Exercise - Your answer must be the lines from the one containing "2019 Jeep Cherokee" through the last line below, copied exactly, with no pictures.

Given data -
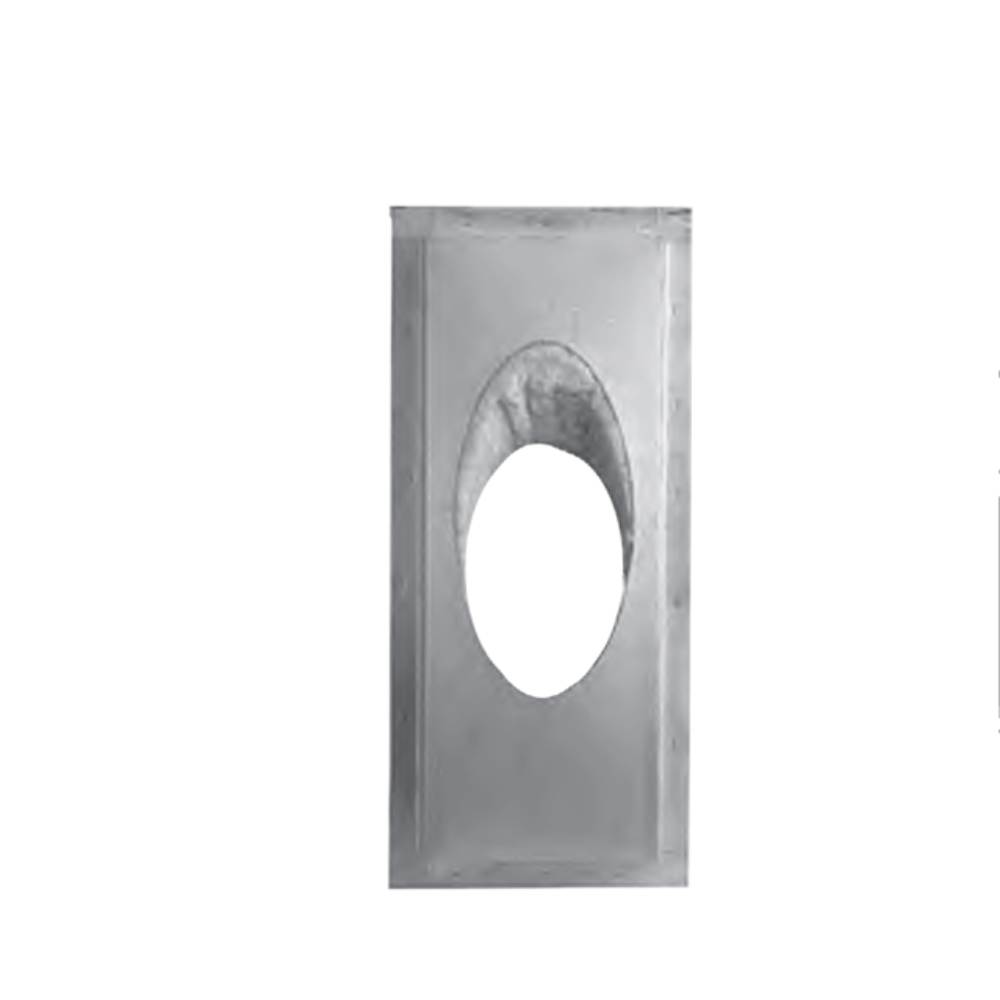 Duravent 10DTC-WRSI30 10" Dia. Wall Radiation shield 30Deg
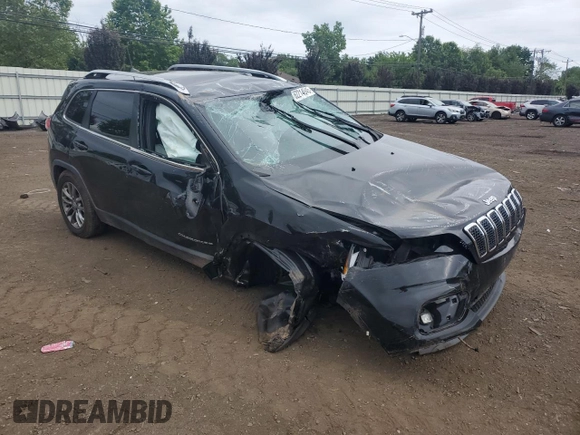 2019 Jeep Cherokee Latitude Plus с VIN 1C4PJMLB6KD431485, выставлен на аукционе Copart как лот 62214945 с пробегом 94 099 миль миль и Списание • Salvage title. История ставок и продаж доступна на DreamBid. Изображение 4.
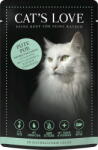 CAT’S LOVE Nedves macskaeledel - "Adult Pur" Pulyka - 85 g
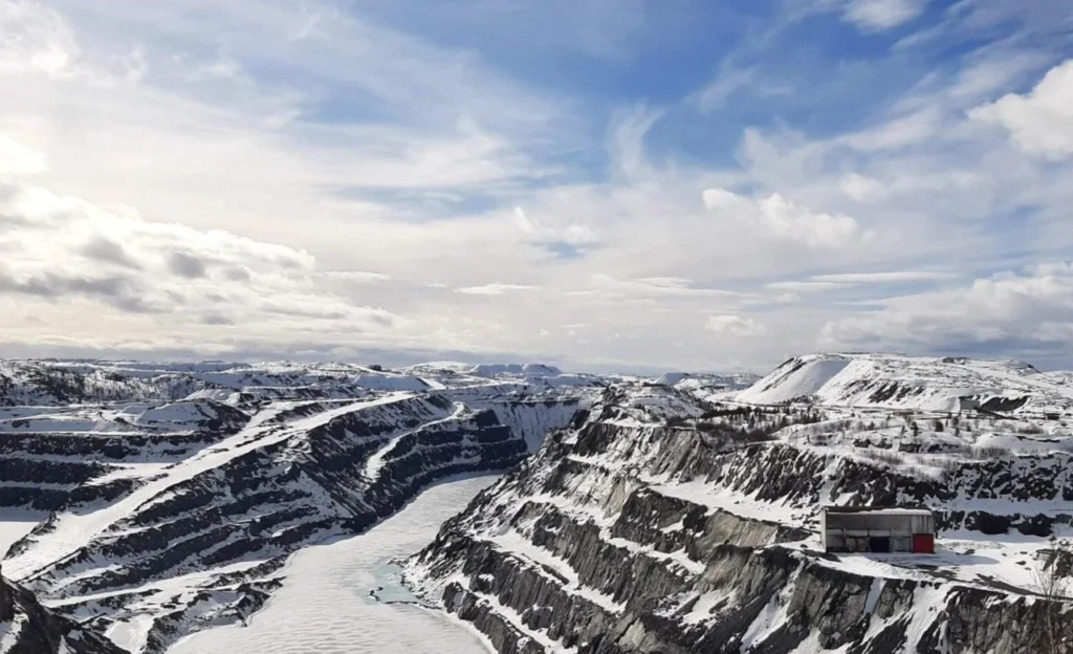 Sydvaranger mine, Norway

Response -
 2019 Jeep Cherokee Latitude Plus с VIN 1C4PJMLB6KD431485, выставлен на аукционе Copart как лот 62214945 с пробегом 94 099 миль миль и Списание • Salvage title. История ставок и продаж доступна на DreamBid. Изображение 4.
 CAT’S LOVE Nedves macskaeledel - "Adult Pur" Pulyka - 85 g
 Sydvaranger mine, Norway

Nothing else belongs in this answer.